Start of Provided data

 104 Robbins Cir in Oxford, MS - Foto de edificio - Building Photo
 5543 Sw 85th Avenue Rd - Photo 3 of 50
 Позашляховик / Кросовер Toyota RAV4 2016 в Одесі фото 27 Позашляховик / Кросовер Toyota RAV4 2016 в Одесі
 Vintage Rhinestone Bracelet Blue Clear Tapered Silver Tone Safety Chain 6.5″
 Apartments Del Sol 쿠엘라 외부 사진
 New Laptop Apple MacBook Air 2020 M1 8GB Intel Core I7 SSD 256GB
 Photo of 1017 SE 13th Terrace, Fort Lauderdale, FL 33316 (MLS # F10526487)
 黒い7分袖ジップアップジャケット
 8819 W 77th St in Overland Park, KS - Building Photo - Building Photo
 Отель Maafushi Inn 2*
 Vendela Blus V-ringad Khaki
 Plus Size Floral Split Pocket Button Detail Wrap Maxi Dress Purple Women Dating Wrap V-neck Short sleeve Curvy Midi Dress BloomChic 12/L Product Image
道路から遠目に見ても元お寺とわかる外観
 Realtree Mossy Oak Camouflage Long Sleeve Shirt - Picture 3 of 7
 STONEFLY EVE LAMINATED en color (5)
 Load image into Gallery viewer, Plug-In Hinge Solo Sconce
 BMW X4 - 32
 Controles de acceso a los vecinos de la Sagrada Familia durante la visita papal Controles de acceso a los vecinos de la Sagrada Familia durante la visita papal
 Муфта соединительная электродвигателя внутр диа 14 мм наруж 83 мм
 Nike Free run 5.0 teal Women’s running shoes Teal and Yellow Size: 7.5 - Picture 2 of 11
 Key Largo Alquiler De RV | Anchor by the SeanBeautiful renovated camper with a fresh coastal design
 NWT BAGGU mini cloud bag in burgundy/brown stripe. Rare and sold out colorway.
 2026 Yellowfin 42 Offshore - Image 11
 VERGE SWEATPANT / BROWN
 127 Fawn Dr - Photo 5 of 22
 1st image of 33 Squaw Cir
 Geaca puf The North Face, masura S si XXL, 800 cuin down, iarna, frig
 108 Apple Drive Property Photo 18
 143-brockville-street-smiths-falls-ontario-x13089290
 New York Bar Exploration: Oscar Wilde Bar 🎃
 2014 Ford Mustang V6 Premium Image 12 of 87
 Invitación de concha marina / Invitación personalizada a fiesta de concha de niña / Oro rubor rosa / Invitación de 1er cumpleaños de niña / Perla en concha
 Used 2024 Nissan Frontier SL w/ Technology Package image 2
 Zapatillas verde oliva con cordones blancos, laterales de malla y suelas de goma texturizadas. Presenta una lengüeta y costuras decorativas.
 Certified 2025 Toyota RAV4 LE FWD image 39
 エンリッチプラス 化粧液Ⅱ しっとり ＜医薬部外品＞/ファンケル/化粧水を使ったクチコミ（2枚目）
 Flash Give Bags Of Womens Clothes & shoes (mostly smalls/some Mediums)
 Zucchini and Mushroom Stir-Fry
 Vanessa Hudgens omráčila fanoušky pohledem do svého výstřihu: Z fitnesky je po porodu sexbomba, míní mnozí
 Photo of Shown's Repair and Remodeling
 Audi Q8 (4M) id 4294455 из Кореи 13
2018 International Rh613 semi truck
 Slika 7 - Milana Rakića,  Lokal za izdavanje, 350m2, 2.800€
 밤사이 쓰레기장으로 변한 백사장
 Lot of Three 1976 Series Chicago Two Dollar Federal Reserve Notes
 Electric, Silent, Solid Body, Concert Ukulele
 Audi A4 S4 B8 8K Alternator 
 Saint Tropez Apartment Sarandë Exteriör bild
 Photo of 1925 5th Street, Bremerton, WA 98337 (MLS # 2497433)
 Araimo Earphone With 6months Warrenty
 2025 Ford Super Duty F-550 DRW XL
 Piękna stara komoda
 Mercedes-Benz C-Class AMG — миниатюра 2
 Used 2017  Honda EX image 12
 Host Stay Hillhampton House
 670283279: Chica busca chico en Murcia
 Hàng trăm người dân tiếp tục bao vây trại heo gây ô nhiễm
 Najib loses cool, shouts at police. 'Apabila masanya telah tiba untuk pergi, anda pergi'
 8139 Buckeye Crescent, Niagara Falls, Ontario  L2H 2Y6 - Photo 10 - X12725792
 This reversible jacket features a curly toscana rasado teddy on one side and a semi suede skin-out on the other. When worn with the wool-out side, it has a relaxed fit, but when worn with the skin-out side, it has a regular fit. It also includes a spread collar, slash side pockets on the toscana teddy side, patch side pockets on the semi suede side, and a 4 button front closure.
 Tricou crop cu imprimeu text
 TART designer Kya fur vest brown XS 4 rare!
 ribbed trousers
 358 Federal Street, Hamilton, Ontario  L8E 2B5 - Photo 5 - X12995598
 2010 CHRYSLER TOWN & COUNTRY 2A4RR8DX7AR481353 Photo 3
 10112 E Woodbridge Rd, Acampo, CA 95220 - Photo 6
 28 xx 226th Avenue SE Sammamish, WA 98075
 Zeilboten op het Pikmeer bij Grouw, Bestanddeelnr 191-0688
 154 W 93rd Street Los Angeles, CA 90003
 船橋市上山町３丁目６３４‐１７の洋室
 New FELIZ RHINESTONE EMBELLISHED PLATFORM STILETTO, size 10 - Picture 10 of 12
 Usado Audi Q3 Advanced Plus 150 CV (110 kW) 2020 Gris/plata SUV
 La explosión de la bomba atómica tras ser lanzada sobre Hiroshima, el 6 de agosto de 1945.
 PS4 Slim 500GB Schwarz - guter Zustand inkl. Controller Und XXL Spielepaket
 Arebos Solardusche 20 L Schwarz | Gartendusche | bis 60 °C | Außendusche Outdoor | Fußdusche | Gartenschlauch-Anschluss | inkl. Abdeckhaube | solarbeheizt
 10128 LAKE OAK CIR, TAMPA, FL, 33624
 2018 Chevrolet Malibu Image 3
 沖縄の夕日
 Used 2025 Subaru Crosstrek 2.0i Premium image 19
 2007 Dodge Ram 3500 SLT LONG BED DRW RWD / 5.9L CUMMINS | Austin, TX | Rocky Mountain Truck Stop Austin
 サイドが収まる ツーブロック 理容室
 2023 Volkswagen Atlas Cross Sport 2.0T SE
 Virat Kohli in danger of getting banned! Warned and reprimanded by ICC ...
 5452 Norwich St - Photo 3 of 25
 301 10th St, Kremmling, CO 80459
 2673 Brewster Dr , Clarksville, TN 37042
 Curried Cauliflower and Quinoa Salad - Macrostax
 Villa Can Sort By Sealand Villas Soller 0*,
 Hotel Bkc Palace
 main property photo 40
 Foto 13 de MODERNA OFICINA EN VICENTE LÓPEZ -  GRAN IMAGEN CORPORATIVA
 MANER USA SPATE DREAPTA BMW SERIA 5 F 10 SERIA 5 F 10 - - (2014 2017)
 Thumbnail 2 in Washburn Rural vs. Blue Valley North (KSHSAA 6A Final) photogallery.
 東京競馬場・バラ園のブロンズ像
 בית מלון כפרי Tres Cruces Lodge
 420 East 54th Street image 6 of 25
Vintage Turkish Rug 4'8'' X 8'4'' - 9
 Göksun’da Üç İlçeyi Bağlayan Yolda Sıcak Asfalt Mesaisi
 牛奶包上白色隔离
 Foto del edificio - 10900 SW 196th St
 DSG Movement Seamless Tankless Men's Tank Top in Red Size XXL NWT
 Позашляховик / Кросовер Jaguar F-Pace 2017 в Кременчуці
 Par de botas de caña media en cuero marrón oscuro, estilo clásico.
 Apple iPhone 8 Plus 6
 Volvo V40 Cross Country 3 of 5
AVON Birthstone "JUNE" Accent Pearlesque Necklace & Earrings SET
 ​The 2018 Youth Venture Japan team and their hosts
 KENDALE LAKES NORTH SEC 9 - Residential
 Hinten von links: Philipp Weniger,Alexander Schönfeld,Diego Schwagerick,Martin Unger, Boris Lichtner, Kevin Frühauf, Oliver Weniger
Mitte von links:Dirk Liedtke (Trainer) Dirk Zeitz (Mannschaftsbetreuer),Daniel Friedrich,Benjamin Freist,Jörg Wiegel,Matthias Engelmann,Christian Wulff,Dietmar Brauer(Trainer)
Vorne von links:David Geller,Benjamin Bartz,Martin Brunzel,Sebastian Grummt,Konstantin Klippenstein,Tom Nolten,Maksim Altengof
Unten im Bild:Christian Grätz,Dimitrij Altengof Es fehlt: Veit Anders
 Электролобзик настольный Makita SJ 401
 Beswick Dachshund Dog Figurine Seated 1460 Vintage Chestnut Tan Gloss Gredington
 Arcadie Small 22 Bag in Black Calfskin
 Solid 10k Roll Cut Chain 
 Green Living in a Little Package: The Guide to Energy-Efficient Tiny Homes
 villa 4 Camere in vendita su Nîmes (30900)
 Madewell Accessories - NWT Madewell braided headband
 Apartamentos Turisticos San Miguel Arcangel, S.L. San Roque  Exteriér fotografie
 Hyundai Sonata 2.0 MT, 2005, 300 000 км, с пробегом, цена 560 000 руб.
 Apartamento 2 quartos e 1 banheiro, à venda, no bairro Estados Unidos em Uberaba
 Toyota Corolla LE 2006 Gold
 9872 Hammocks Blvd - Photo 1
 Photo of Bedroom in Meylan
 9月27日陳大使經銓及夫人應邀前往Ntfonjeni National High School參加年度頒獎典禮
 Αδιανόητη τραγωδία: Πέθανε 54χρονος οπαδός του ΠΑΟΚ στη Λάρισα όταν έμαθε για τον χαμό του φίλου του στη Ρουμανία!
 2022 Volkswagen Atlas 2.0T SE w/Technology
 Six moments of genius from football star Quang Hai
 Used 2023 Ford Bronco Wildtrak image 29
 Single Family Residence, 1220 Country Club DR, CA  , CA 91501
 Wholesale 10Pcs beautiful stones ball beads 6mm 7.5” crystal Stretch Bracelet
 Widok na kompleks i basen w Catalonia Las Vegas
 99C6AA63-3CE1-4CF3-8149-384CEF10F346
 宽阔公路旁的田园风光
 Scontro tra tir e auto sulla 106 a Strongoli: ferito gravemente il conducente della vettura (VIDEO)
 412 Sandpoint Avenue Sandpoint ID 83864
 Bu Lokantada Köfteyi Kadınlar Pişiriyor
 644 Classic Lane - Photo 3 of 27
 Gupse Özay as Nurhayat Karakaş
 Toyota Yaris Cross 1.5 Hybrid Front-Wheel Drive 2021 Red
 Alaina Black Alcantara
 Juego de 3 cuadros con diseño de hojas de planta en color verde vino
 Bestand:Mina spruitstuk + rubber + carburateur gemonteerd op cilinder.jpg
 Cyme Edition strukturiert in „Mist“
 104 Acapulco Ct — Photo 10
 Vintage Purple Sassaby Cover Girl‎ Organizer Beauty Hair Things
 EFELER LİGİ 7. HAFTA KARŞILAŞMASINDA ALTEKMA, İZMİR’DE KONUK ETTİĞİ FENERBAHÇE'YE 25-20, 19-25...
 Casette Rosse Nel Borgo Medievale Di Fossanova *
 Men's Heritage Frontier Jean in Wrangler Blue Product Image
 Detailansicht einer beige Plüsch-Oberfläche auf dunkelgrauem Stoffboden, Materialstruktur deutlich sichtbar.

End of Provided data

(Task): Copy out the range of lines above starting at the line with "10112 E Woodbridge" and ending at the line with "PS4 Slim 500GB", exactly and including both.

(Task response):
 10112 E Woodbridge Rd, Acampo, CA 95220 - Photo 6
 28 xx 226th Avenue SE Sammamish, WA 98075
 Zeilboten op het Pikmeer bij Grouw, Bestanddeelnr 191-0688
 154 W 93rd Street Los Angeles, CA 90003
 船橋市上山町３丁目６３４‐１７の洋室
 New FELIZ RHINESTONE EMBELLISHED PLATFORM STILETTO, size 10 - Picture 10 of 12
 Usado Audi Q3 Advanced Plus 150 CV (110 kW) 2020 Gris/plata SUV
 La explosión de la bomba atómica tras ser lanzada sobre Hiroshima, el 6 de agosto de 1945.
 PS4 Slim 500GB Schwarz - guter Zustand inkl. Controller Und XXL Spielepaket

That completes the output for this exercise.